Understanding what the price elasticity of demand is can be confusing. You may also be asking yourself why you need to know it in the first place. But understanding what the price elasticity of demand measure is for a specific good can be important to business and marketing people when they are trying to maximize their revenue. Take for example the common problem of choosing the price at which you want to sell a good.
Begin with a firm that already has its price set. It knows what the price elasticity of demand is, and has to make a judgement call on whether to a price increase or decrease will increase their revenue.
First we have to remember the equation for the price elasticity of demand:
Percent change in quantity/percent change in price = price elasticity of demand.
So we know that if the percent change in quantity is greater than the percent change in price, then we
will get a number that is greater than one (in absolute value terms, because it should be negative). This would mean that the good in question is elastic, because as we change the price by a certain percentage, we see an even larger percentage change in quantity being demanded (it is elastic because it is responsive). Likewise, the good is inelastic if we can change the price a lot and we see little percent change in the quantity being demanded (this would give us a value much closer to zero for the price elasticity of demand).
So let's go through an example. If the price elasticity of demand for a good is -2.5 then a price increase of 30% means that we will see a quantity decrease of 75% (which is 30%*-2.5). Does this sound like a good idea? What happens is that you are getting a 30% higher price on the goods you do sell, but you are losing 75% of your sales! This is a bad idea, because your total revenue will go down, lets plug in some numbers to demonstrate.
If your original price is $10, and your original sales were 100, then your revenue would be $1,000 (10*100).

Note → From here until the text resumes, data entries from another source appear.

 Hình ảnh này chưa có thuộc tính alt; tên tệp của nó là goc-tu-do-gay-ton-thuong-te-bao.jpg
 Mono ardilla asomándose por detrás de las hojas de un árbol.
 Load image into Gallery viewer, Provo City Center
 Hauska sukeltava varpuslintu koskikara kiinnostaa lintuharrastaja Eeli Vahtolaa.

Now lets raise prices by 30%, and lower quantity sold by 75%. Our new price is $13, and our new quantity sold is 25. So our new revenue is $325 (13*25) which is significantly lower than our original revenue.
What is we instead lower prices by 30%? Our new price would be $7, and our new sales would be 175. Thus, our new revenue would be $1,225 (7*175) which is higher than our original.
This means that when the price elasticity of demand is elastic then we need to lower prices in order to increase total revenue. However, when price elasticity of demand is inelastic we can raise prices in order to increase total revenue. And when the price elasticity of demand is unit elastic, any change in price will reduce revenue because we have already hit the sweet spot.